Problem details >>
I would like the lines below, from the one with "CCCoM wrapping Gifts" through the one with "May include: A", copied exactly and without any pictures.

The data >>
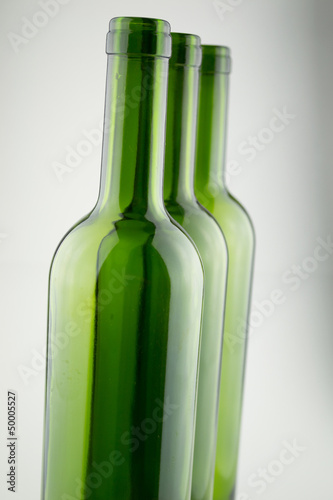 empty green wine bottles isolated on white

* * *

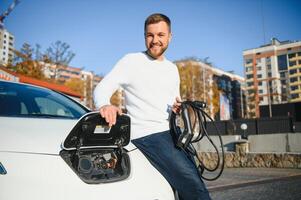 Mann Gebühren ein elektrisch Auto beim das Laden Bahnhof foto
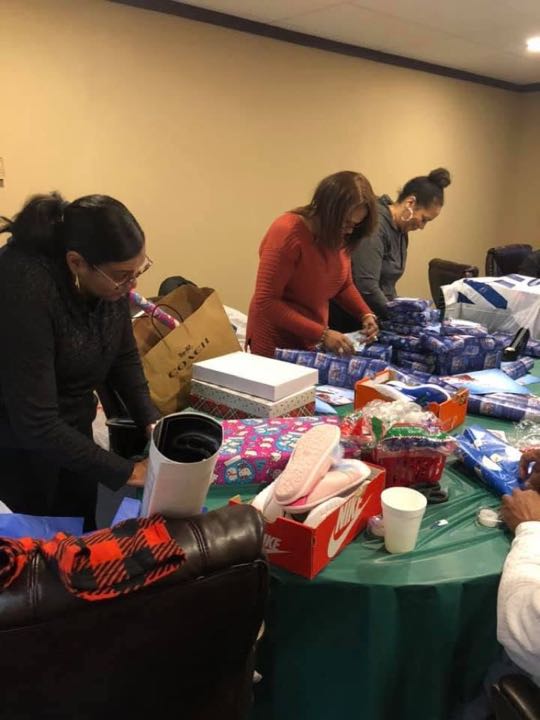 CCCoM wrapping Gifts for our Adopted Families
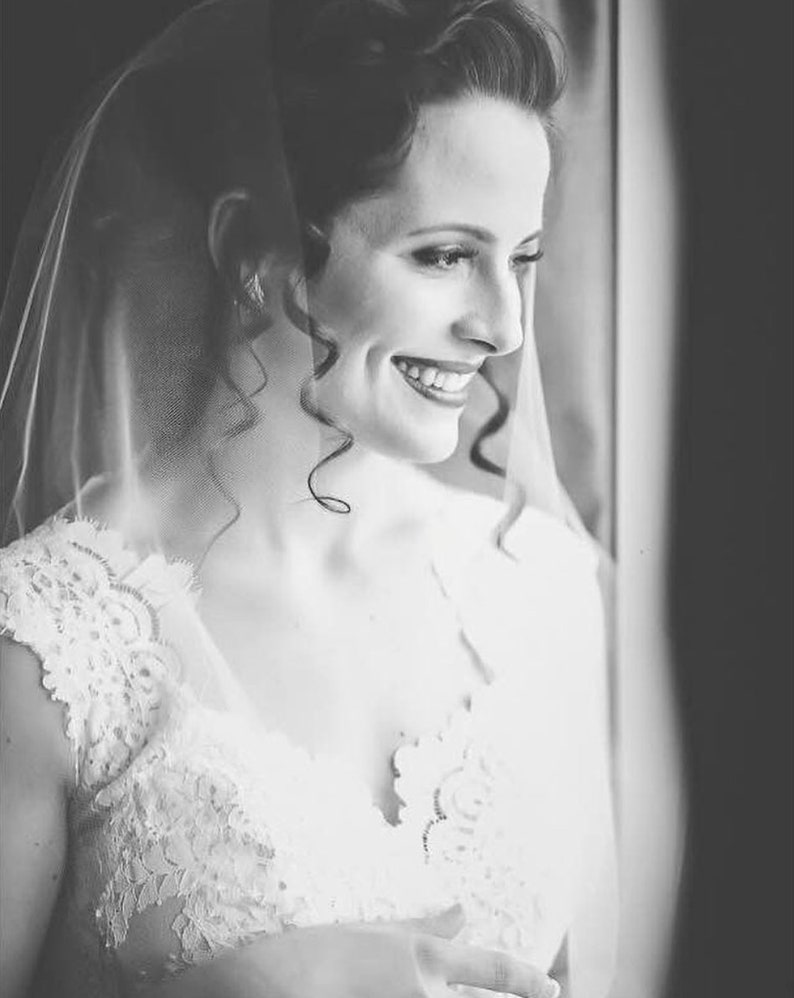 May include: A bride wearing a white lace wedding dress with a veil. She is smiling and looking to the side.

Result >>
 CCCoM wrapping Gifts for our Adopted Families
 May include: A bride wearing a white lace wedding dress with a veil. She is smiling and looking to the side.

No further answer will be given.